WHAT TO WORK ON: Every record below must be copied exactly, with images dropped.

RECORDS SHOWN:
=== Section Start ===

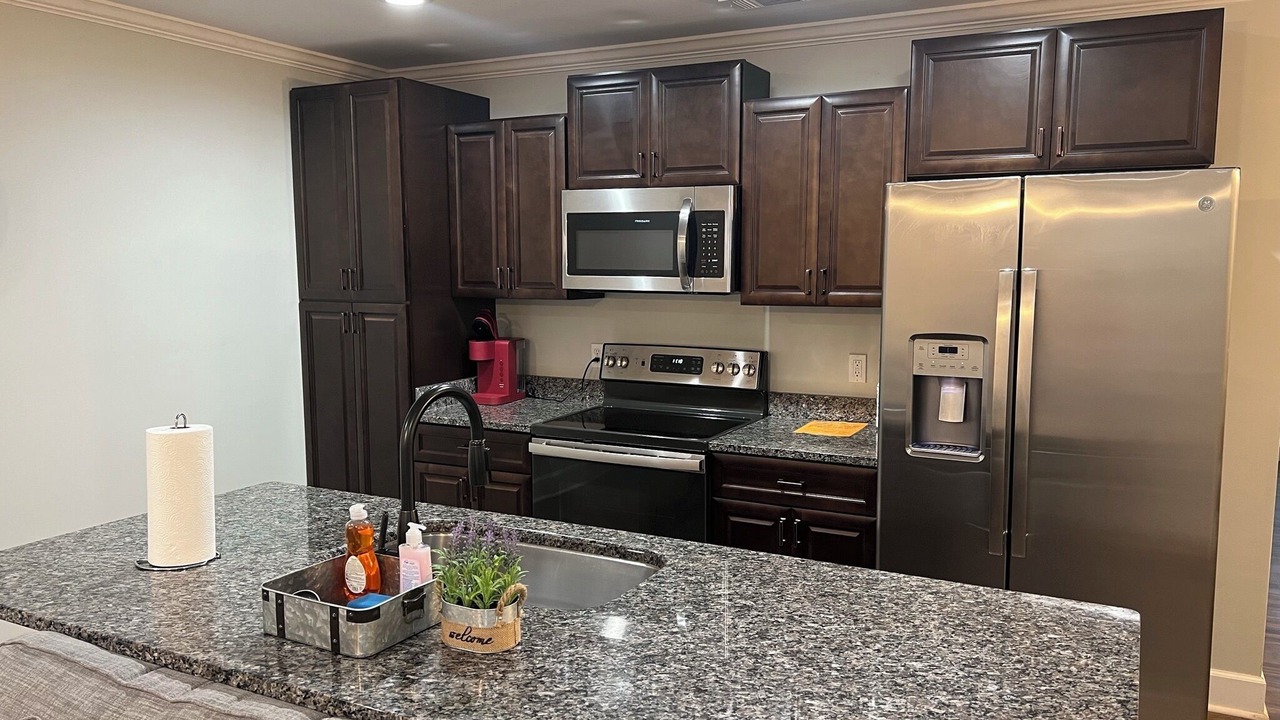 Photo of Kitchen in Eufaula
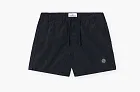 Stone Island Nylon Metal Econyl Shorts Navy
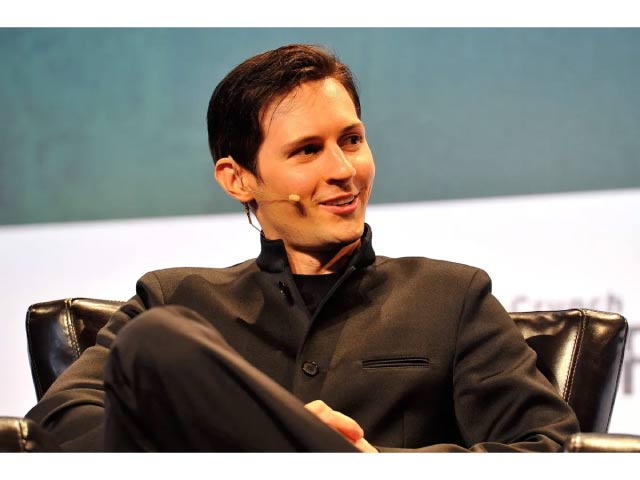 Arrestation de Pavel Durov, patron de Telegram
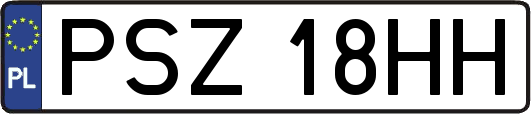 PSZ18HH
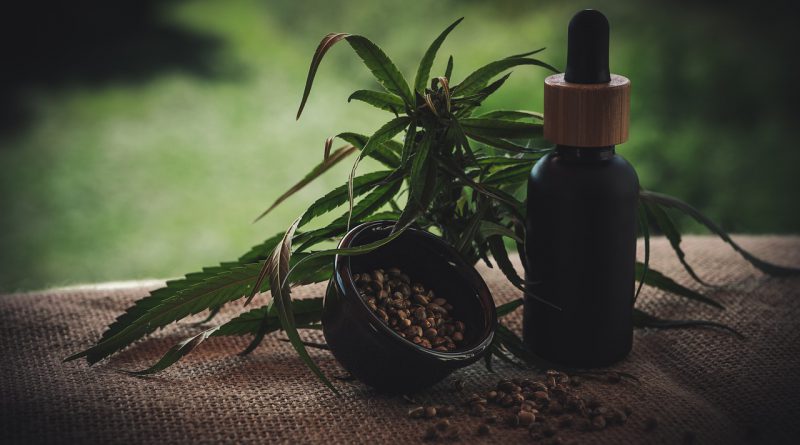 CBD Öl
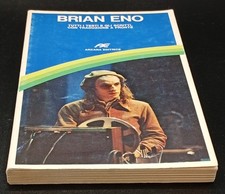 BRIAN ENO - TUTTI I TESTI E GLI SCRITTI CON TRADUZIONE A FRONTE - ARCANA 
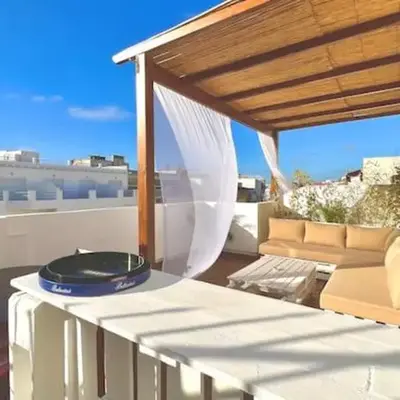 Duplex au centre de Rabat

=== Section End ===

COMPLETED EXERCISE:
 Photo of Kitchen in Eufaula
 Stone Island Nylon Metal Econyl Shorts Navy
 Arrestation de Pavel Durov, patron de Telegram
 PSZ18HH
 CBD Öl
 BRIAN ENO - TUTTI I TESTI E GLI SCRITTI CON TRADUZIONE A FRONTE - ARCANA 
 Duplex au centre de Rabat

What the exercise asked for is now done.